Familles recomposées : du conte de fées à la réalité
Reste que ces familles ont mauvaise presse. Elles sont vues comme ayant plus de difficultés que les familles « traditionnelles » ou de première union, notamment des problèmes relationnels. Par exemple, qui n’a jamais entendu dire d’un enfant en difficulté scolaire que ses problèmes venaient de ses parents qui ont divorcé et que maintenant qu’il y a un beaupère en plus, ça ne va pas s’arranger ? Je force volontairement un peu le trait, mais vous verrez au fil des pages que les idées reçues autour de la famille recomposée sont loin d’être un mythe.
L’image de la famille recomposée comme problématique découle principalement d’une vision idéalisée de la famille de première union (oui, oui, celle des contes de fées !).
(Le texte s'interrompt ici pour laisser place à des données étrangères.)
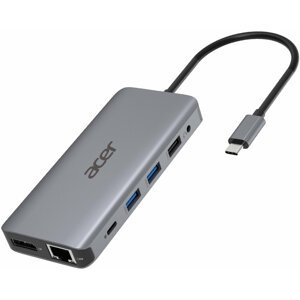Acer dokovací stanice USB-C 12v1, 2 x USB3.2, 2 x USB2.0, SD/TF, 2 x HDMI, DP, RJ45, jack, PD 60W - HP.DSCAB.009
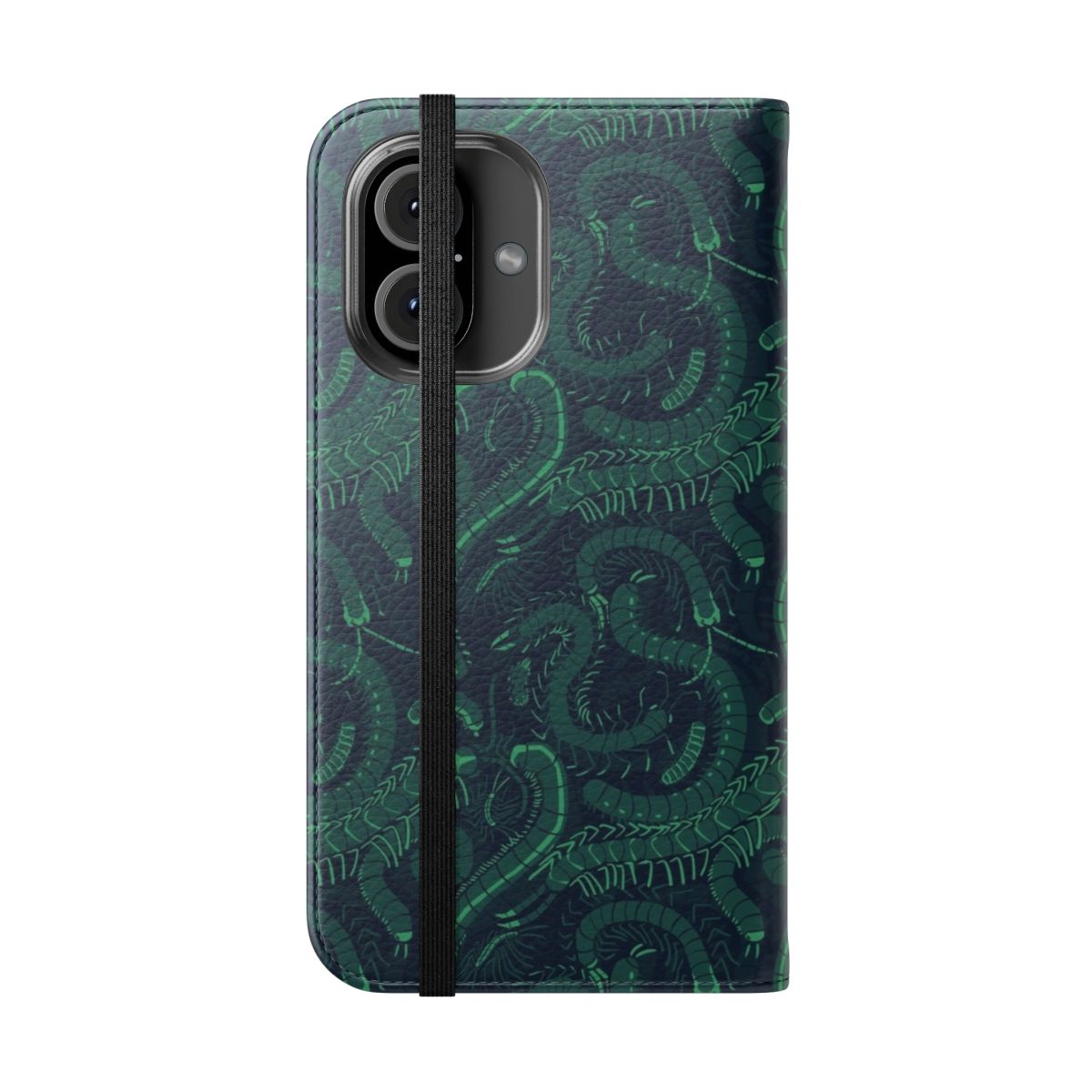 A green flip phone case featuring a vibrant myriapod pattern, perfect for nature-lovers. - Folded Front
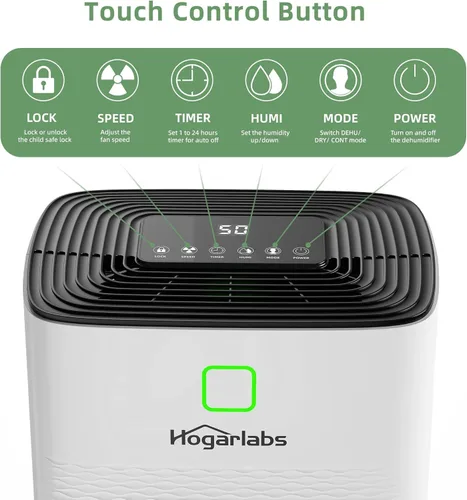 Vista 4 de HOGARLABS Deshumidificadores de 30 pintas para el hogar y sótanos, con 3 modos de funcionamiento, protección contra desbordamiento y apagado
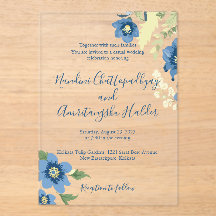 ミニマエレガントリスト結婚式招待状テンプレート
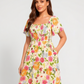 ⏰Zomeruitverkoop 50% KORTING 💃Gebloemde midi-jurk met gesmockte vierkante hals en zakken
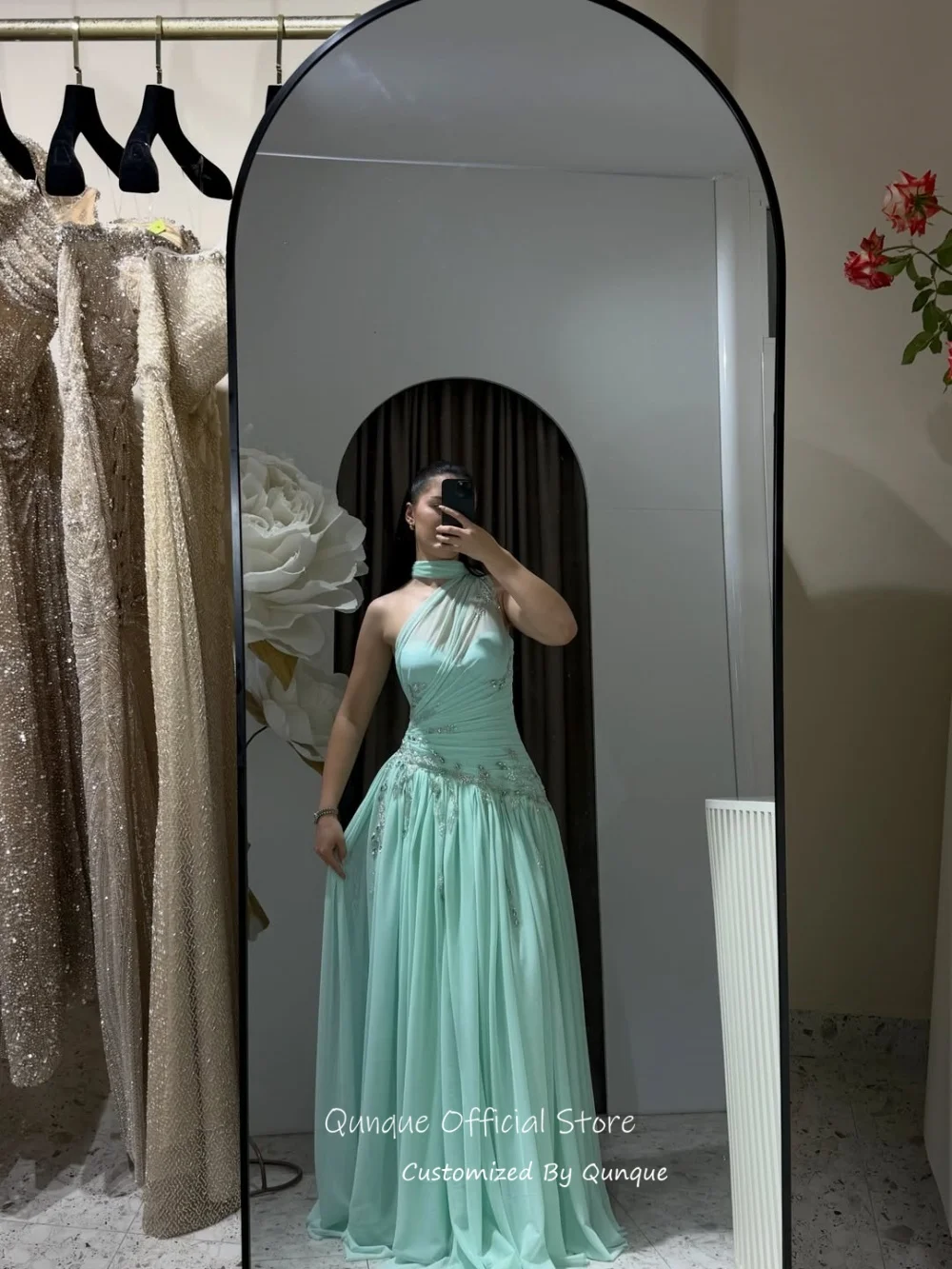 Qunque Mint Green Shining Beaded Rhinestone Evening Dresses Elegant Vestido De Fiesta Pleated Chiffon Dress For Women Customized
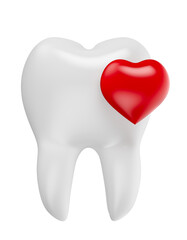 Realistic tooth with heart in on transparent background in 3d render 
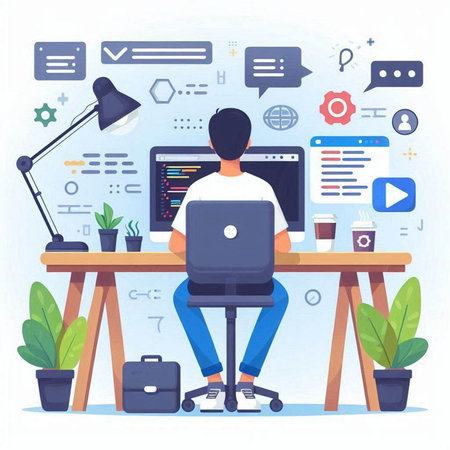 Man working on laptop in office. Freelance, remote work concept. Vector illustration in flat styleのイラスト素材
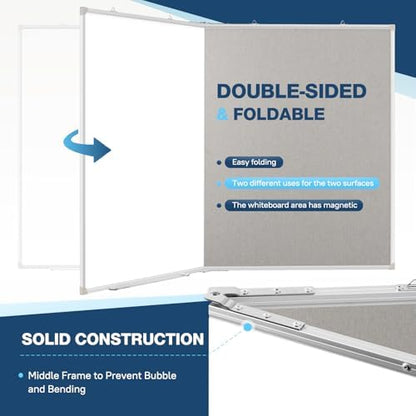 Large White Board Dry Erase Foldable Bulletin Board Combo 60x40 for Wall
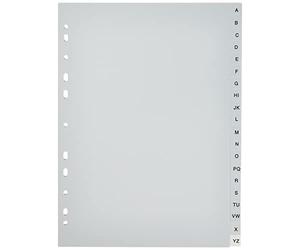 ESSELTE 47140 - Abecedario para carpetas multitaladro con cartulina índice B/N A-Z PP DIN A4 color gris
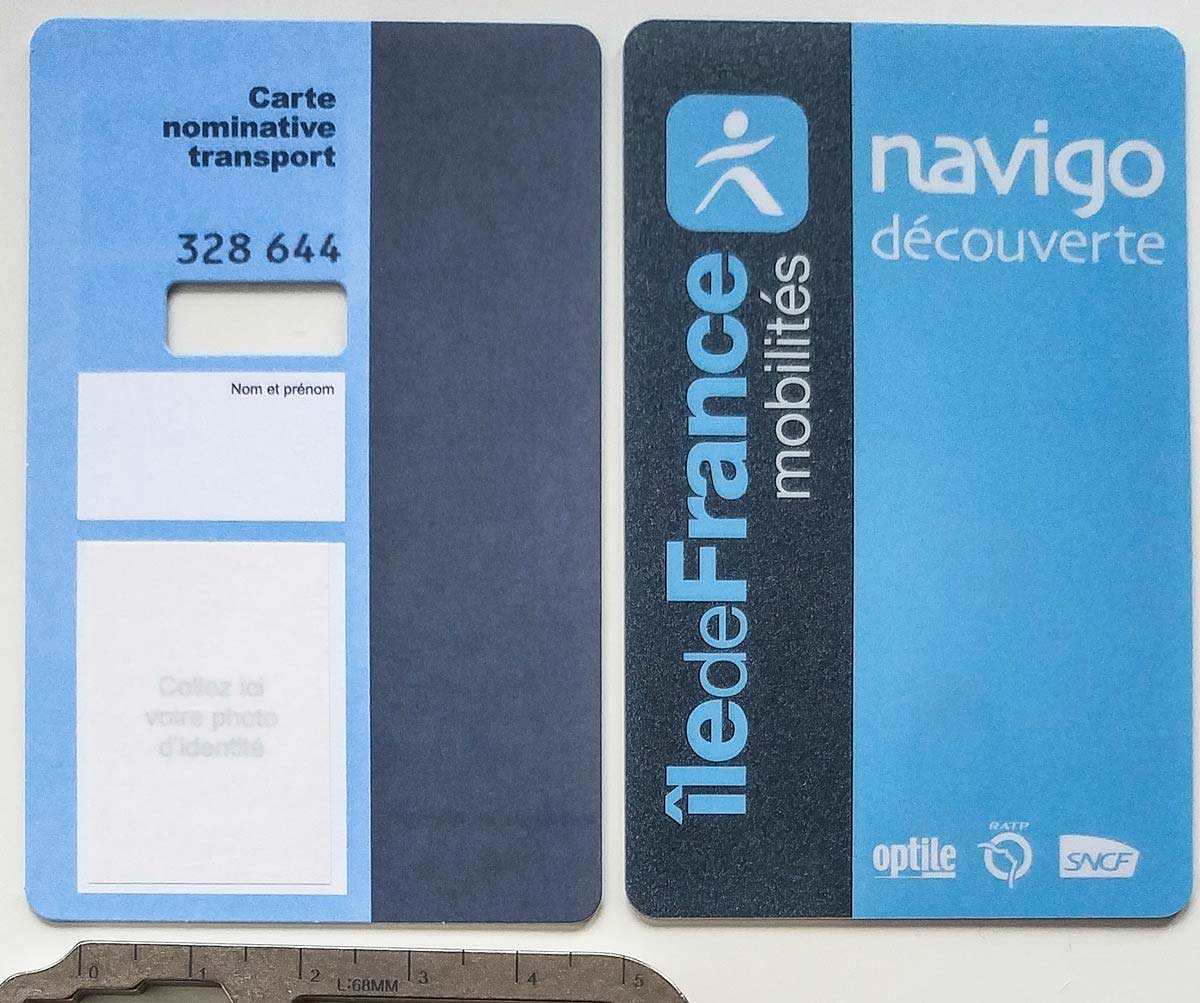 Paris Navigo Decouverte card since 2020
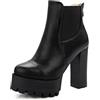 Asterisco Stivaletti da Donna con Tacco Grosso con Plateau Tacco Alto Polacchine Punta Rotonda Zip Stivali Chelsea, J194022Ry Nero Numero 40.5 EU/42Cn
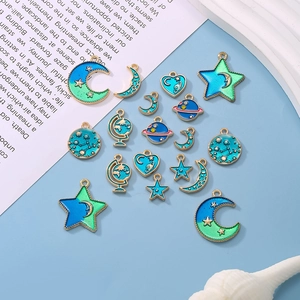 Blue Starry Sky Celestial Alloy Enamel Pendant Moon Star Earth DIY Jewelry Making Accessory For Bracelet Necklace Earrings Charms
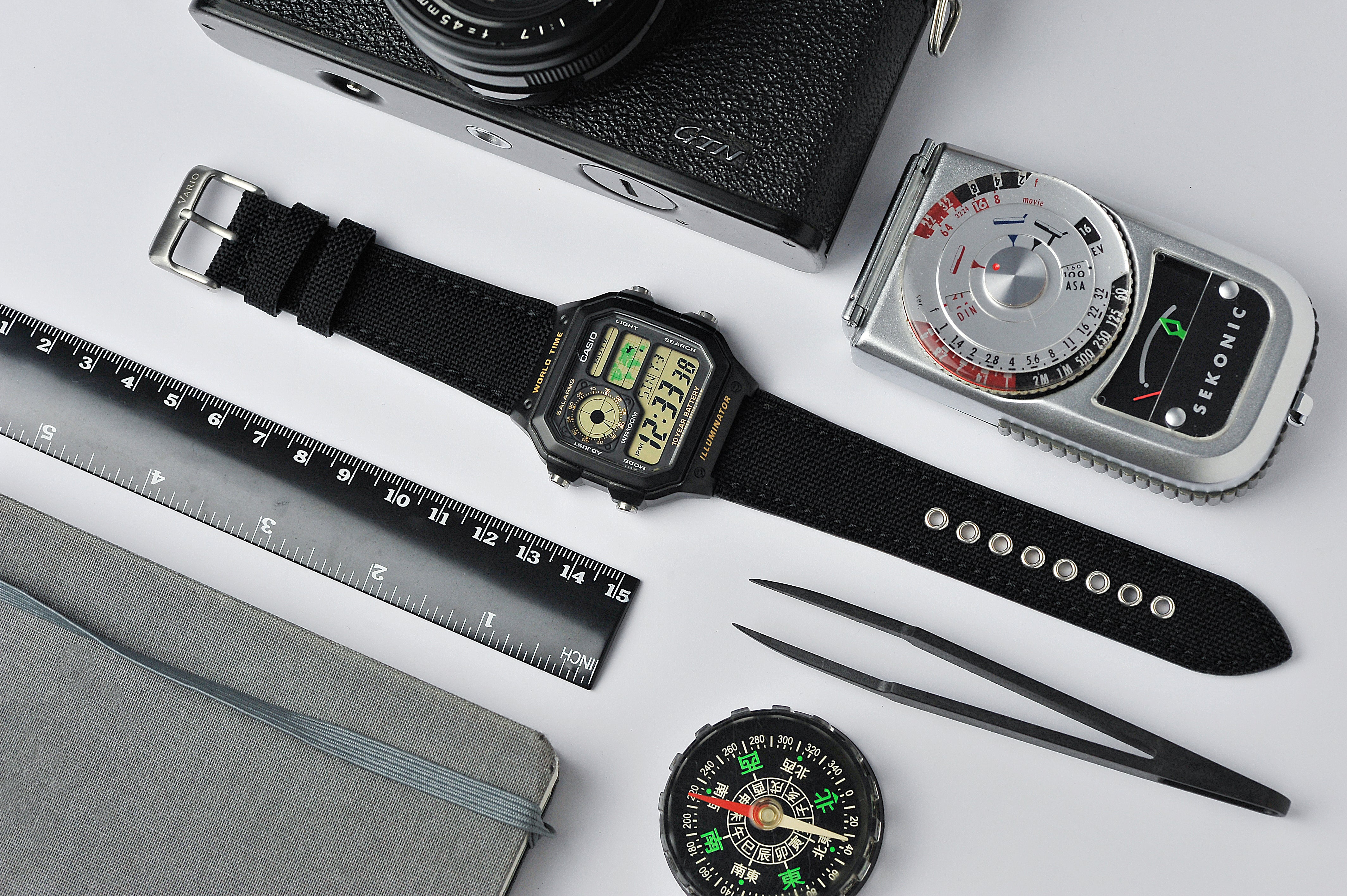 Cordura fitted watch strap for Casio Royale AE1200 black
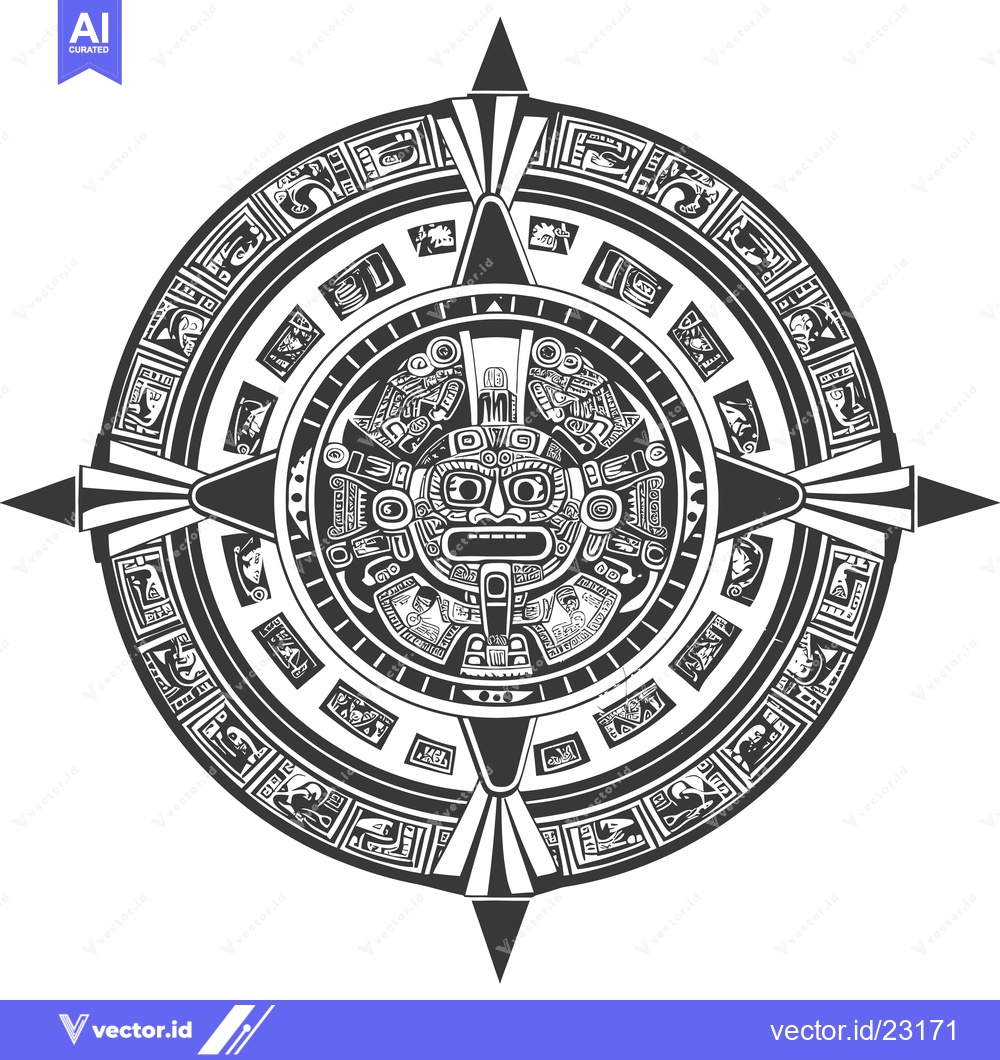 Premium Vector dari Black and White Aztec Calendar with Central Face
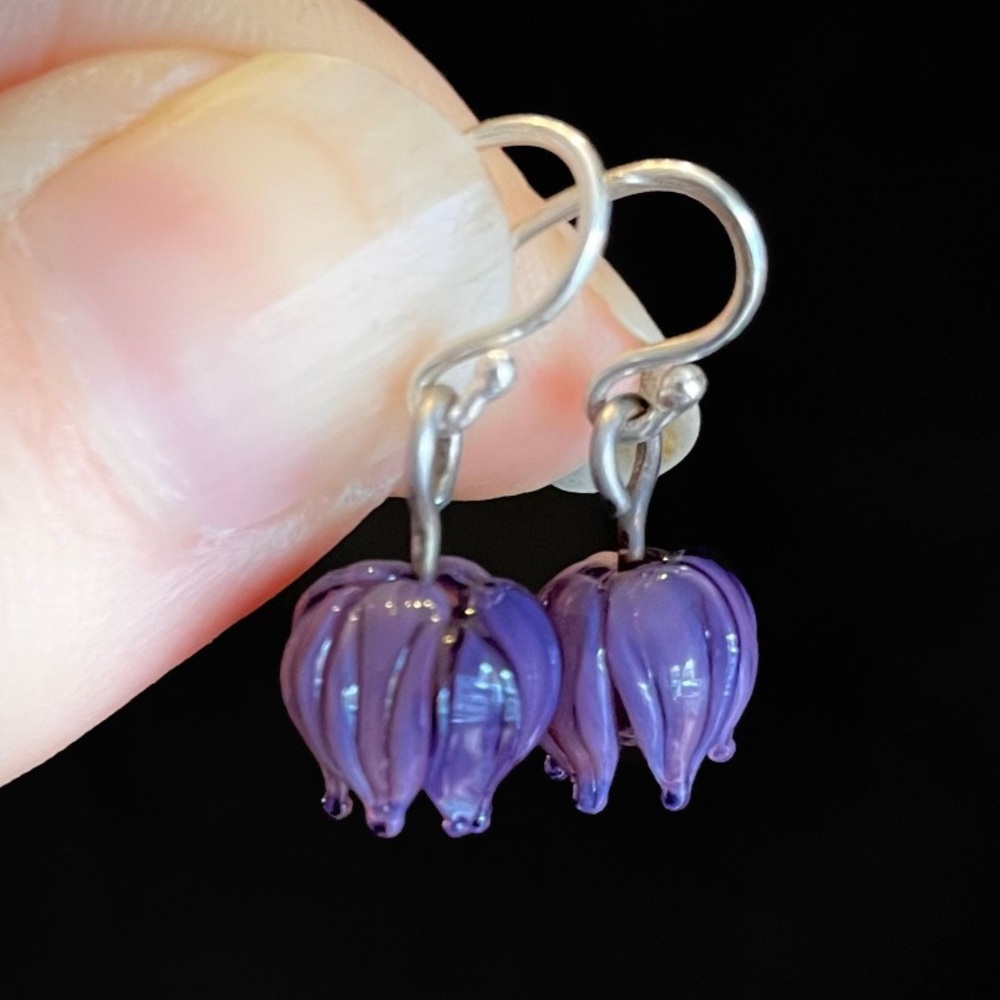 Mini Blossom Glass Earrings Purple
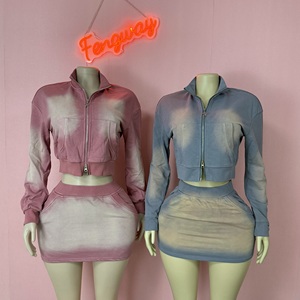 2025 femmes Sexy hanche Wrap maigre longue deux pièces costume décontracté poches fermeture éclair recadrée veste + moulante Mini jupes Streetwear - Product Image 5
La famille idéale est la famille dite nucléaire. Elle se compose d’un père et d’une mère biologiques, avec deux ou trois enfants. À côté, la famille recomposée se retrouve en position d’ incomplete institution (Cherlin, 1978). Elle est incomplète car elle n’entre pas dans les standards classiques de la famille avec deux parents biologiques et égaux sur le plan légal (c’est-à-dire mariés). S’ensuit une absence de reconnaissance de la structure familiale recomposée qui se situe à plusieurs niveaux :
• Au niveau social par l’absence de normes, notamment relatives au rôle du beau-parent ;
• Au niveau juridique par l’absence de droits et de responsabilités légales pour les beaux-parents ;
• Au niveau institutionnel par l’absence de structures de soutien pour les familles recomposées, qui se trouvent défavorisées en comparaison des familles de première union.
Ces différents éléments font que les familles recomposées sont mises à l’écart, pour ne pas dire invisibles. En témoigne d’ailleurs le moindre formulaire d’inscription pour les enfants qui se base sur des procédures conçues pour les familles de première union. Si la nécessité d’englober les deux parents biologiques de l’enfant est indiscutable, le beau-parent – qui parfois endosse un rôle important auprès de l’enfant –est inexistant. Ou presque, comme le rapporte Louise 1, bellemère de trois jeunes enfants : Je m’occupe des enfants depuis des années, mais je n’ai pas le droit de prendre un rendez-vous médical pour eux. En revanche, je suis inscrite comme personne de référence au parascolaire, ce qui veut dire que si l’un des enfants est malade alors oui, ils peuvent m’appeler pour que je vienne le chercher. C’est assez ingrat comme position. Parfois reconnu, parfois inexistant, le beau-parent oscille ainsi entre visible et invisible selon les contextes, comme un remplaçant sur appel. Dans le cadre scolaire ou médical par exemple, les beaux-parents n’ont que peu, voire pas de place. L’absence de reconnaissance du beau-parent rend son rôle particulièrement ambigu. Bien que présent au quotidien dans la vie de l’enfant, il n’a aucun droit ni aucune obligation vis-à-vis de l’enfant, son rôle envers l’enfant n’étant pas « socialement » défini. C’est dans ce contexte ambigu que vont se créer les familles recomposées. Mais qui sont-elles exactement ?
1. Prénom d’emprunt. Afin de préserver l’anonymat des familles, tous les prénoms ainsi que quelques détails familiaux ont été modifiés. Les situations rapportées sont en revanche toutes réelles.